Dalla località Sabbionare di Revò è anche possibile passeggiare in direzione opposta e cioè verso Cloz, su un altro tratto sterrato della pista Rankpino; In questo caso il percorso è un po’ meno agevole e dopo circa 4 Km si arriva in zona campo sportivo, a monte del paese.

Ancora una volta, durante una rilassante passeggiata sopra il cosiddetto lez, con l’acqua che scorre sotto i nostri piedi, possiamo ripensare agli sforzi fatti, dalle generazioni passate, per portarla nei territori abitati e coltivati. In tempi remoti la vita era estremamente dura; quando le calamità naturali, come gelo, nubifragi, grandine e siccità, si scatenavano si affacciava anche il minaccioso spettro della fame, giacché la disponibilità di cibo dipendeva quasi esclusivamente dal poco prodotto che la terra poteva dare. Era un’agricoltura ancora rudimentale e, prevalentemente, per autoconsumo che si basava sulla coltivazione di piccoli terreni di frumento, avena, patate, fagioli, lino canapa, qualche pianta da frutto, qualche gelso ed il fieno per allevare qualche capra e pecora. Nella zona di Revò, sui pendii solatii, già dal diciannovesimo secolo, un’importanza particolare e crescente la riscuoteva la coltivazione del groppello, il cui vino veniva, in parte, trasportato fino a Vienna per la vendita.

Come detto, ci furono annate molto dure in cui la siccità fu devastante: fra queste vengono ricordati il 1709, il 1778, il 1800 e soprattutto il 1816 (“l’an del sedes”). Questi eventi calamitosi indussero la popolazione rurale di allora ad accelerare gli sforzi per affrontare l’atavico problema di penuria d’acqua, elemento vitale per la sopravvivenza stessa.

Nel caso dei paesi della Terza Sponda il primo a realizzare una canalizzazione di 4-5 km, per prelevare acqua dal torrente Pescara, in località Frari di Lauregno, fu Cagnò nel 1784.

Pochi anni dopo, nel 1790, anche Revò inizio a costruire il proprio acquedotto attingendo allo stesso torrente.

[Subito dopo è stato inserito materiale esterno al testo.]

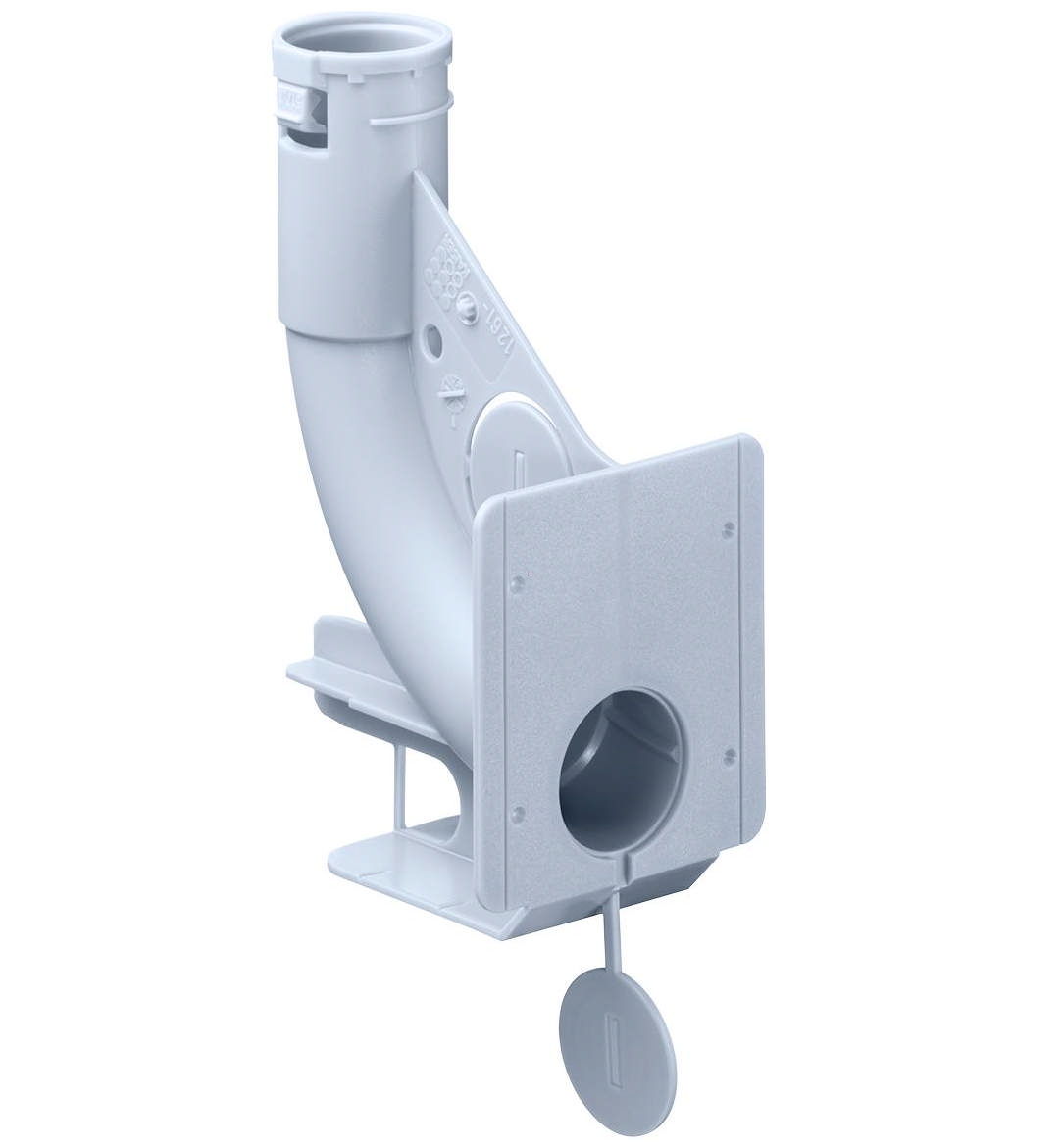 Endestykke væg-loftovergang rør u/klæber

Erano canali aperti, scavati a mano nel terreno e nella roccia, che richiedevano una continua manutenzione e sistemazione delle sponde, ma finivano comunque con il disperdere molta della preziosa acqua che trasportavano fino a monte della zona agricola.

Romallo e Cloz aspettarono invece fino al 1922 per poter costruire un canale comune più stabile ed efficace, sempre su un tragitto simile a quelli di Revò e Cagnò, poiché le prese dell’acqua erano sul torrente Pescara. La coesistenza in loco di questi tre canali con caratteristiche simili fa ben capire come, all’epoca, su questo tema delicato quanto vitale, era più facile litigare che non trovare soluzioni comuni.

Nel 1990 tutti questi consorzi irrigui, sotto la regia e lo stimolo della Provincia, capirono finalmente che era necessario unire le forze per realizzare un nuovo e unico canale di adduzione. Venne così costituito il consorzio di secondo grado denominato “Canale della terza sponda”. La nuova opera fu studiata con criteri, mezzi e materiali moderni attingendo, in caso di necessità, anche alle acque un po’ più lontane del torrente Barnes.

Come sempre, una bella passeggiata, oltre che essere molto salutare ed in questo caso per niente impegnativa, ci offre anche l’occasione per riflettere sulle tante opportunità che oggi abbiamo a disposizione ma naturalmente poi dipende da noi saperle apprezzare e ed imparare ad accontentarsi.